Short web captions
_ _ _ _ _ _ _

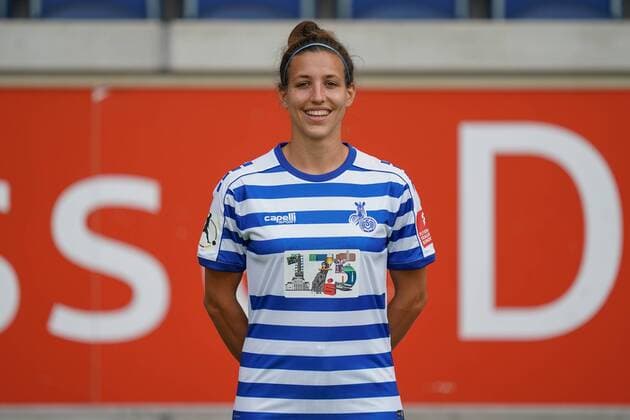Lisa-Marie Makas ( MSV Duisburg ), Fussball - Flyeralarm Frauen Bundesliga - Saison 2019 2020 - Fototermin MSV Duisburg, Duisburg, Schauinsland Reisen Arena, 24.07.2019, DFB regulations prohibit any use of photographs as image sequences and or quasi-video Duisburg Schauinsland Reisen Arena Nordrhein-Westfalen Deutschland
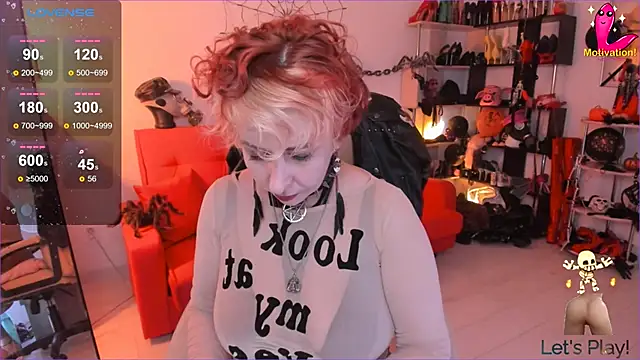 Snapshot of GinaMiracle chatting on November 5, 2025, 11:52 pm GinaMiracle online show from November 5, 2025, 11:52 pm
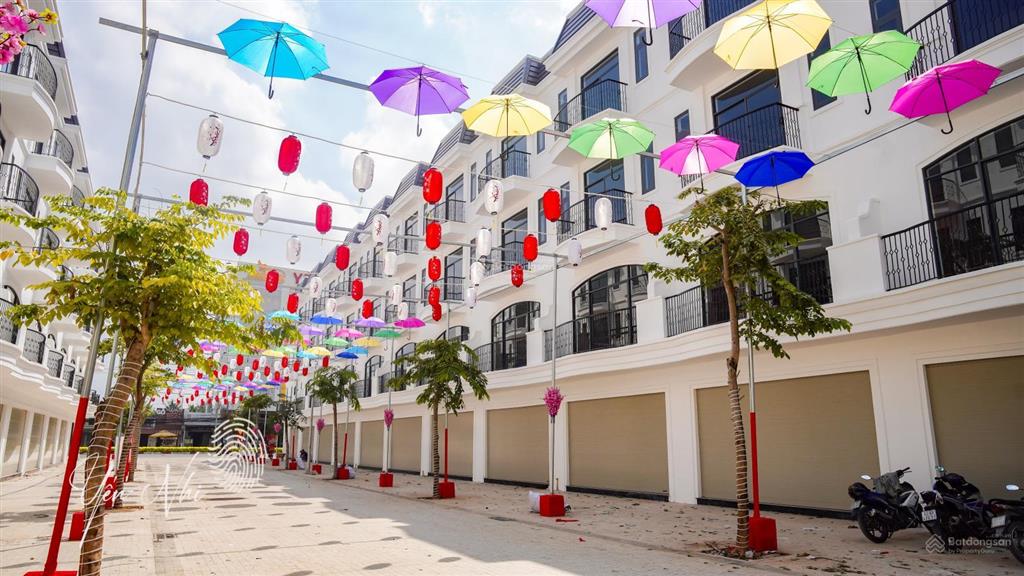 Nhà sổ riêng 84m2, 1 trệt 3 lầu, mặt tiền 17m, giá 8,5tỷ, nhận nhà ở ngay.  0932 238 ***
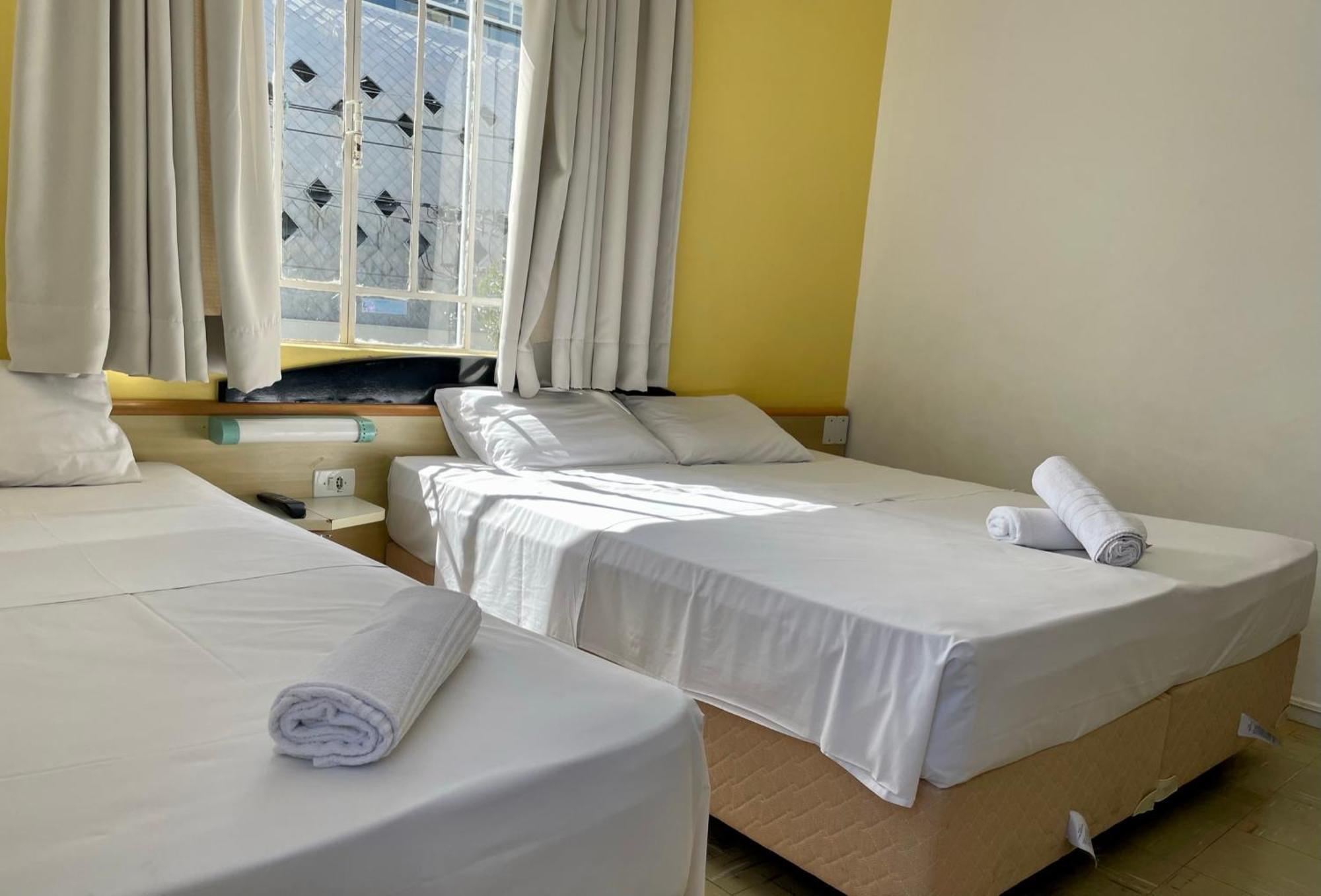 Hotel Blumenau Centro Curitiba Quarto foto
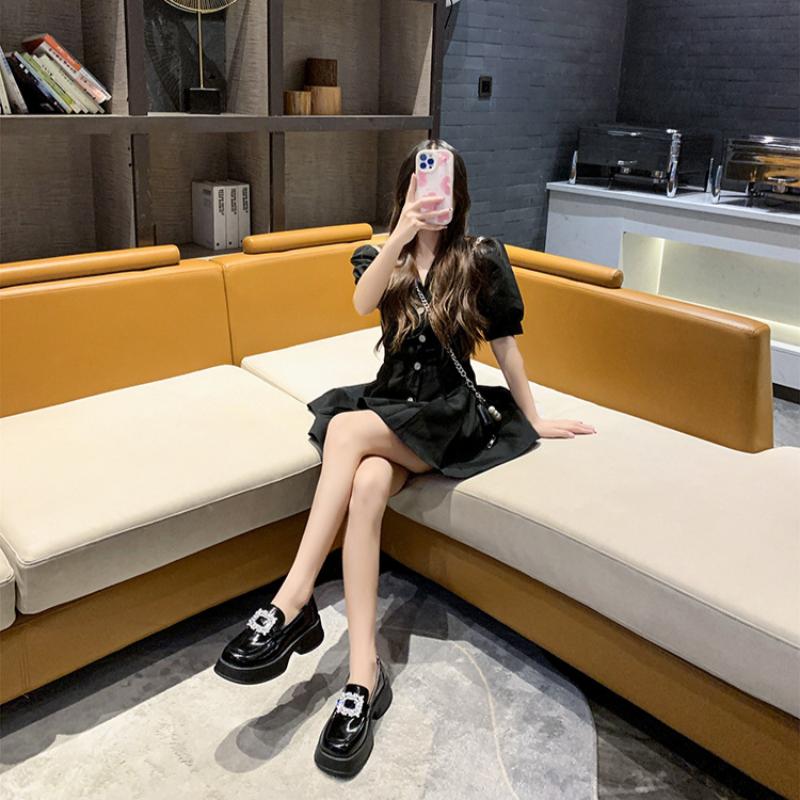 Spring New Women's Leather Shoes Korean Square Buckle Soft Bottom Shiny Patent Leather Rhinestone Leather Shoes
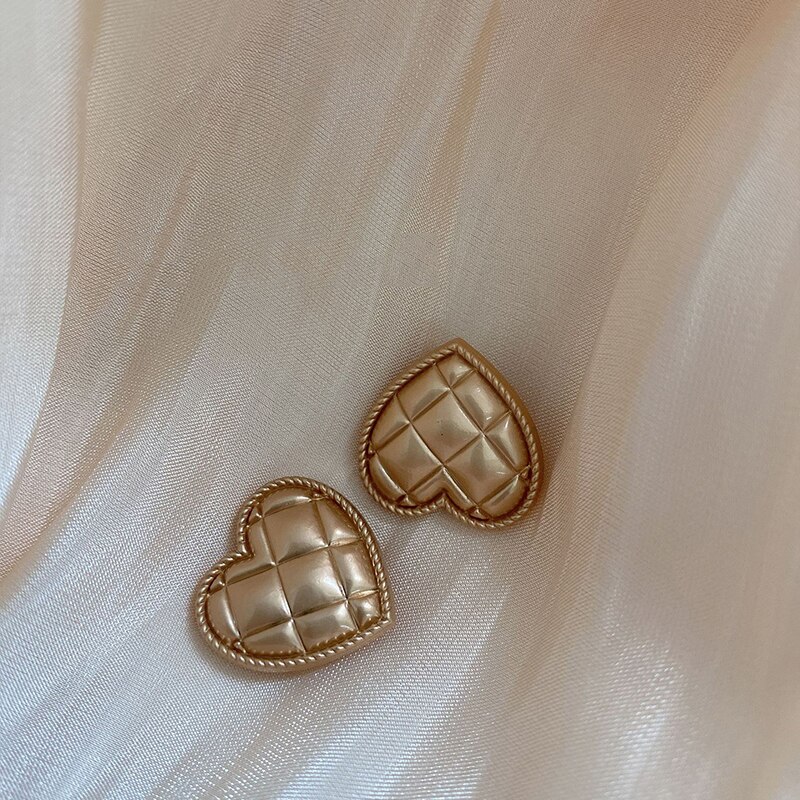 10 st hjärtformade metallknappar sand guld ljust guld kärlek handsydda knappar skjorta dekorationsknappar: Frostat guld / 18mm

_ _ _ _ _ _ _

Please output the records exactly, leaving the pictures out.

Lisa-Marie Makas ( MSV Duisburg ), Fussball - Flyeralarm Frauen Bundesliga - Saison 2019 2020 - Fototermin MSV Duisburg, Duisburg, Schauinsland Reisen Arena, 24.07.2019, DFB regulations prohibit any use of photographs as image sequences and or quasi-video Duisburg Schauinsland Reisen Arena Nordrhein-Westfalen Deutschland
 Snapshot of GinaMiracle chatting on November 5, 2025, 11:52 pm GinaMiracle online show from November 5, 2025, 11:52 pm
 Nhà sổ riêng 84m2, 1 trệt 3 lầu, mặt tiền 17m, giá 8,5tỷ, nhận nhà ở ngay.  0932 238 ***
 Hotel Blumenau Centro Curitiba Quarto foto
 Spring New Women's Leather Shoes Korean Square Buckle Soft Bottom Shiny Patent Leather Rhinestone Leather Shoes
 10 st hjärtformade metallknappar sand guld ljust guld kärlek handsydda knappar skjorta dekorationsknappar: Frostat guld / 18mm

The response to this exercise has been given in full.